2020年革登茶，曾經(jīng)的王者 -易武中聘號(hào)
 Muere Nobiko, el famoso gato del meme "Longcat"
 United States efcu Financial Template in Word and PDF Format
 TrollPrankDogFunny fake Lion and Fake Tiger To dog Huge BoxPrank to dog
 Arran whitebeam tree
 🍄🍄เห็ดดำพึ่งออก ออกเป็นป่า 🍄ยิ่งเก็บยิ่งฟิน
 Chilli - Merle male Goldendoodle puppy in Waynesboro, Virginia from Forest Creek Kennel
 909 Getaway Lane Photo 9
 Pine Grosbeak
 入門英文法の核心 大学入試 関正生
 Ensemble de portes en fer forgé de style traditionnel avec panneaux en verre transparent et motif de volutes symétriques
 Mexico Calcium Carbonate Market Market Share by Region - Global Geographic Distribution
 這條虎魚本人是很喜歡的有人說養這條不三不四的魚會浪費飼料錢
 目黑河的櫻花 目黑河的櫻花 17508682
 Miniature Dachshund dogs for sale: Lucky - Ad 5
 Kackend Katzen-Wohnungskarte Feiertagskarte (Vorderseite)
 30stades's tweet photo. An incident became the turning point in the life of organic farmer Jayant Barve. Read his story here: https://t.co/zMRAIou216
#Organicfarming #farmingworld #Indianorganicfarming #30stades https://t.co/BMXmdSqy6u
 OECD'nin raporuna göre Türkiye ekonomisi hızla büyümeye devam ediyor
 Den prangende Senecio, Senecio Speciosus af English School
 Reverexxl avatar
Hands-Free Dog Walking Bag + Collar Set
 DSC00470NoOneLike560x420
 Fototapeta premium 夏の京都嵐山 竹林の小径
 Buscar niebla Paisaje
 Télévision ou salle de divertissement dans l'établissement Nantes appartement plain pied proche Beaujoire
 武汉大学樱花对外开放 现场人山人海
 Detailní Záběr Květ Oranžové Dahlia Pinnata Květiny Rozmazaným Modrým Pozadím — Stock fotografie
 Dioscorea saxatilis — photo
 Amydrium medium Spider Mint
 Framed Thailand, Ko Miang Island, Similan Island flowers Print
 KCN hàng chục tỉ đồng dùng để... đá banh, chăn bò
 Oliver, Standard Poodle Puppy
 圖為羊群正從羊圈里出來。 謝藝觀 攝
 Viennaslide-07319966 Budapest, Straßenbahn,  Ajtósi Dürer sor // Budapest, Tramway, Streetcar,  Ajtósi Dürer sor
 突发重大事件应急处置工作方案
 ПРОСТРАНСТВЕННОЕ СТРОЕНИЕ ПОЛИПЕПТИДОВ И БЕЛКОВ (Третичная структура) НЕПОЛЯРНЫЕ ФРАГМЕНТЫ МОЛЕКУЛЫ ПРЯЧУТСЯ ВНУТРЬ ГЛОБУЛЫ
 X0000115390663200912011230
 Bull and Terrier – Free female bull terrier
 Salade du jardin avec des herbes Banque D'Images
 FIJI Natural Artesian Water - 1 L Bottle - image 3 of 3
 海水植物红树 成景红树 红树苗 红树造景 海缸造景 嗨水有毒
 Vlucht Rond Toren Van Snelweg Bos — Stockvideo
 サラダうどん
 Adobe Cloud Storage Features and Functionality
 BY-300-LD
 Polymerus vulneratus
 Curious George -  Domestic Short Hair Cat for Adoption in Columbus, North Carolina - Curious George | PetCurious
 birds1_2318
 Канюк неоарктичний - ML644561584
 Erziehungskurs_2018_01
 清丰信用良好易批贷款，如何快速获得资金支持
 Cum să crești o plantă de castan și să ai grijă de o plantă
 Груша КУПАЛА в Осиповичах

WORK ORDER - Going through the data above, count the lines where the string "https" appears, and answer with only that number.

RESPONSE TO THE EXERCISE - 2